SEBRING - Less than a month after a judge granted pretrial release for an 81-year-old woman accused of illegally feeding bears, she's back in the Highlands County Jail.
Florida Fish and Wildlife Commission officers arrested Mary Musselman Monday evening after finding three food stations for animals on her property at 5240 Kenilworth Blvd., Sebring.
On Tuesday, County Judge Anthony Ritenour decided that Musselman would remain in Highlands County Jail without bond.
Authorities said Musselman has continued to feed bears or other wildlife, despite being ordered otherwise. FWC authorities say it's illegal to feed bears because they lose their fear of humans and end up becoming more of a threat.

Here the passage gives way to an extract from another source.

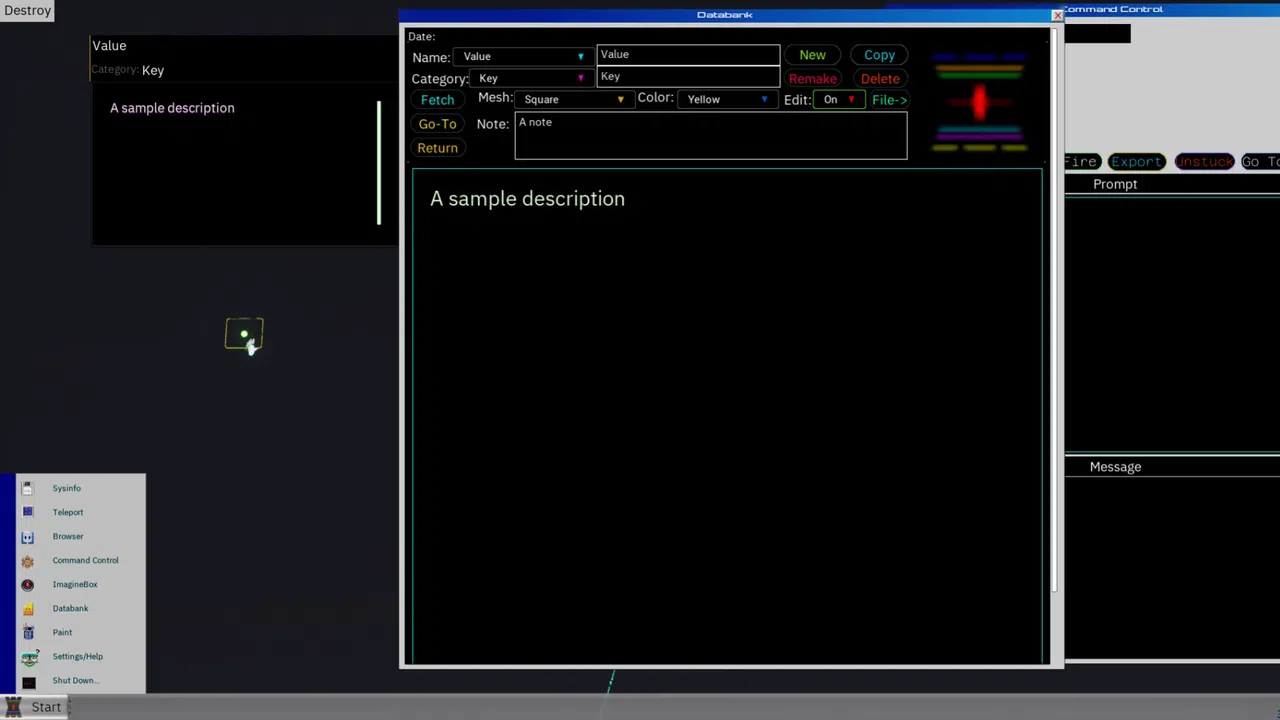 Speaker For The Machine Screenshot 1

At least for now, Musselman will apparently remain in jail until another security facility that can evaluate her mental status and provide her help is found, Assistant State Attorney Gary Ellis said.
Although her husband and another man pledged to watch Musselman and make sure she didn't feed animals, Ellis said, she eluded them and waited until her husband left to get breakfast.
An FWC officer said he found evidence of that when he observed "three separate wildlife feeding stations around her residence," an incident report states. "The first feeding station consisted of bread crumbs, the second was a pile consisting of approximately a 1/2 cup of bird feed/cracked corn, and the third feeding station consisted of approximately a 1/2 cup of bird feed/ cracked corn along with a white salt lick block. There were also pans filled with water at the feeding stations."
When confronted about the feeding stations, "Mrs. Musselman stated she put the bread out to feed the crows and cracked corn for the squirrels. She also stated it was not against the law to feed birds and squirrels. I observed that all of the food items would be easily accessible to a feeding bear."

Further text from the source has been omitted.